Changing and migrating persistence structure
Hi, [I posted this to zodb-dev, but it seems that list isn't working at the moment(?) so I thought I'd try here too] I have a package (plone.registry) that currently has a persistent structure like this: Registry(Persistent) | +--> Records(Persistent) | +--> BTree of Record(Persistent) | +--> PersistentField(Persistent) That is, a Registry is a persistent object containing a persistent Records object that in turn contains a BTree of persistent Record objects that contain a persistent PersistentField and a primitive value. This is quite inefficient, though, because it results in a lot of object loads. On any given request, some of our projects load a dozen or more values from the registry. Each is just a simple primitive, but we need to load the full shebang to make it work. Now, I'd like to move to this structure: Registry(Persistent) | +--> Records | +--> BTree of Field | +--> BTree of values Here, there's only one Persistent object, plus the two BTrees: one holding all the fields and one holding all the values. Records no longer needs to be persistent (its attributes become part of the parent Registry's _p_jar). Fields no longer need to be persistent either, since they are in effect immutable objects. Values are primitives anyway. I've done this (in a branch) and it works for new sites. However, I'm having a nightmare trying to migrate old sites. As soon as I access anything that uses the registry, I get ZODB errors, because the persistent structure is now different. In particular, it's trying to read a value into e.g. a Records object that used to derive from Persistent, but now no longer does. What is the best way to manage this type of migration? In terms of API compatibility, I'd really like to keep plone.registry.Record as the name and module path of the record, since it is used by the API. The difference is that before it was persisted and returned by an API on the Registry. Now, it's constructed as needed on the fly from the internal data structure. The same applies to the various field types that derive from PersistentField, which are now Persistent, but won't be. There's code and documentation out there that use these. I'm less worried about the Records object, which was always an implementation detail, and the BTree-of-records, which will never have been accessed directly. Cheers, Martin
On Thu, Aug 5, 2010 at 2:36 AM, Martin Aspeli <optilude+lists@gmail.com> wrote: ...
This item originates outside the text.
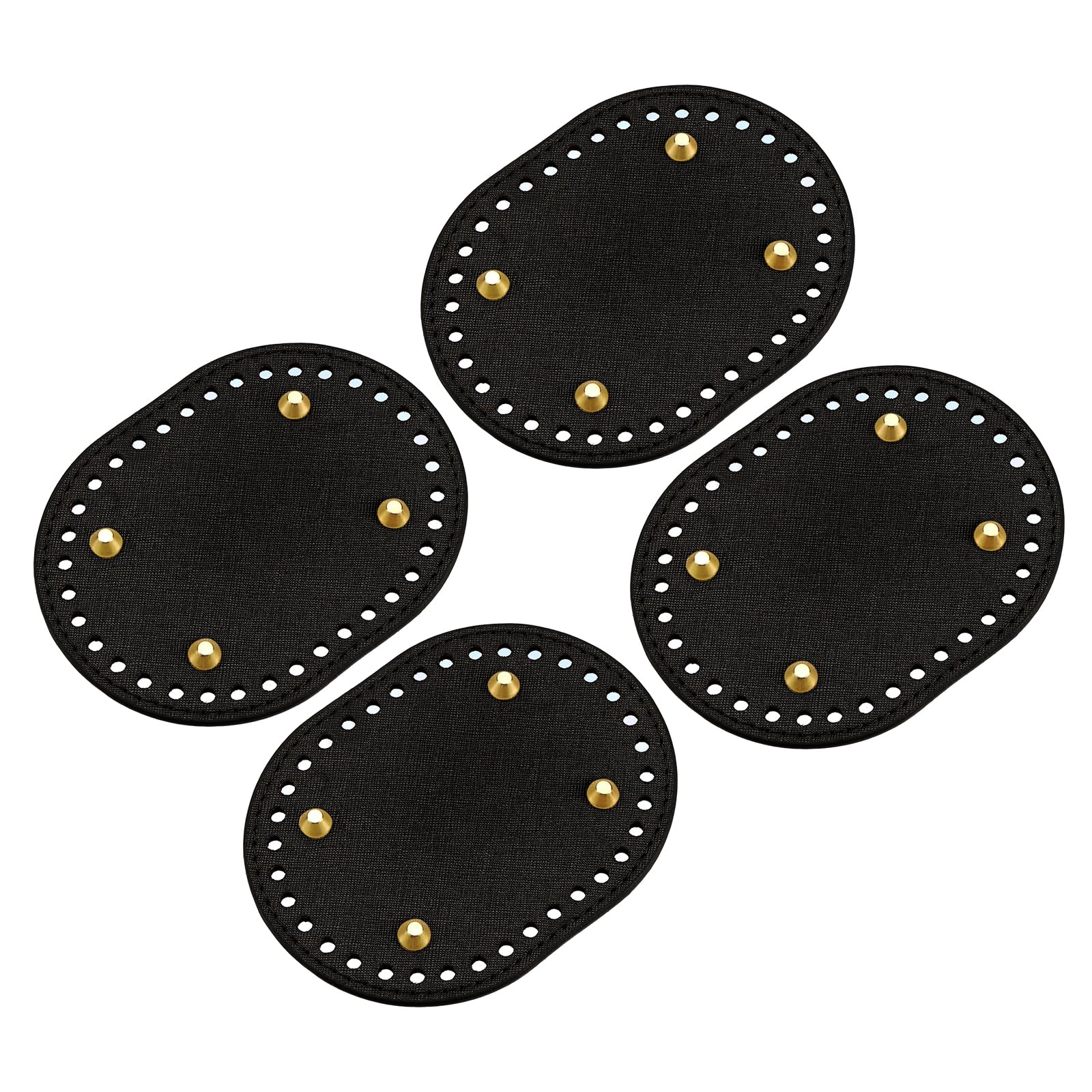 4Pcs Oval Bag Bottom Shaper Pads | PU Leather With Metal Feet | 300x100mm For Crochet, Knitting Bags - View #3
I have a package (plone.registry) that currently has a persistent structure like this:
Registry(Persistent) | +--> Records(Persistent) | +--> BTree of Record(Persistent) | +--> PersistentField(Persistent)
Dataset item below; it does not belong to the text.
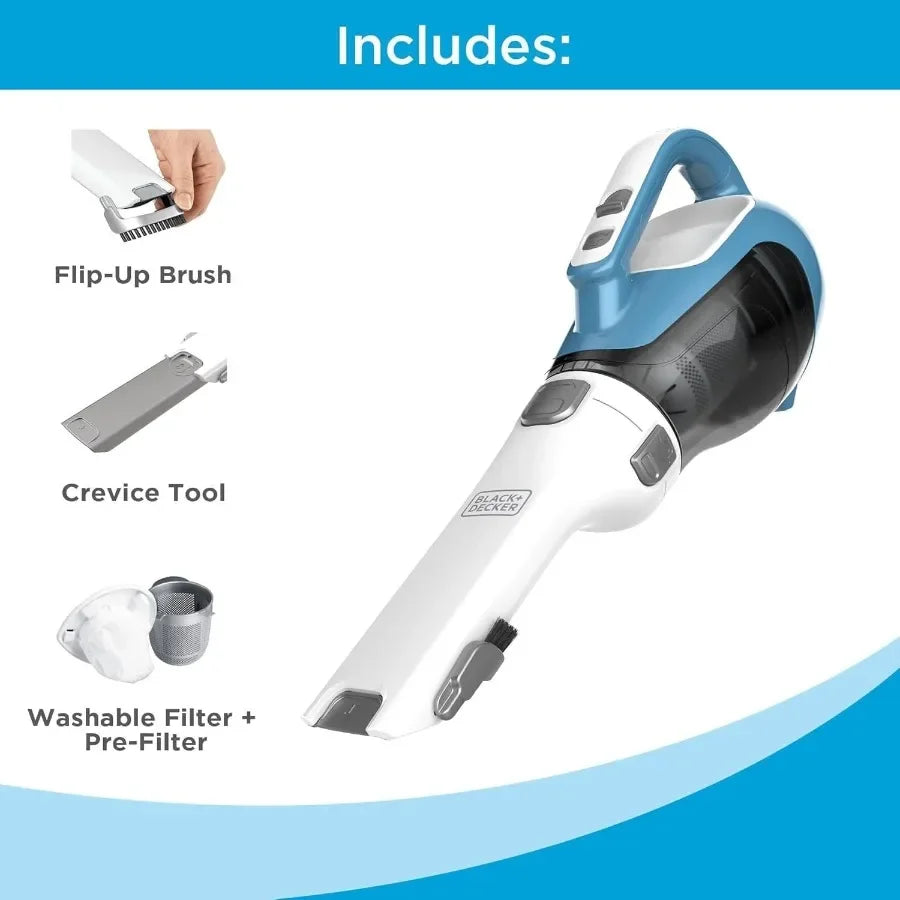 Dustbuster Cordless Handheld Vacuum Cleaner Compact Portable Car & Home Vac with Crevice Tool, Rotating Nozzle and Charging Station for Pet Hair Cleaning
That is, a Registry is a persistent object containing a persistent Records object that in turn contains a BTree of persistent Record
Since BTrees are mapping, I assume that you mean the values are records and that the keys are something boring like strings or integers. I like to use mathematical notation when talking about BTrees and sets, as in: Registry BTree {? -> Record}
objects that contain a persistent PersistentField and a primitive value.
This is quite inefficient, though, because it results in a lot of object loads. On any given request, some of our projects load a dozen or more values from the registry. Each is just a simple primitive, but we need to load the full shebang to make it work.
Not sure what you mean by "full shebang".
Now, I'd like to move to this structure:
Registry(Persistent) | +--> Records | +--> BTree of Field | +--> BTree of values
I'm foggy on what "field" and "value" are here or what your queries are doing. Maybe this is just a distraction.
Here, there's only one Persistent object, plus the two BTrees: one holding all the fields and one holding all the values. Records no longer needs to be persistent (its attributes become part of the parent Registry's _p_jar).
I wonder what role "Records" plays independent of the "Registry". I also wonder why it matters whether it is persistent or not.
Fields no longer need to be persistent either, since they are in effect immutable objects. Values are primitives anyway.
I've done this (in a branch) and it works for new sites. However, I'm having a nightmare trying to migrate old sites. As soon as I access anything that uses the registry, I get ZODB errors, because the persistent structure is now different. In particular, it's trying to read a value into e.g. a Records object that used to derive from Persistent, but now no longer does.
What savings do you get by making Records non-persistent?
What is the best way to manage this type of migration?
Today, it probably makes the most sense to make new classes for the non-persistemnt objects. You'll then need to write a script to rebuild the data structures. Jim -- Jim Fulton
Hi Jim, On 08/08/2010, Jim Fulton <jim@zope.com> wrote:
On Thu, Aug 5, 2010 at 2:36 AM, Martin Aspeli <optilude+lists@gmail.com> wrote: ...
I have a package (plone.registry) that currently has a persistent structure like this:
Registry(Persistent) | +--> Records(Persistent) | +--> BTree of Record(Persistent) | +--> PersistentField(Persistent)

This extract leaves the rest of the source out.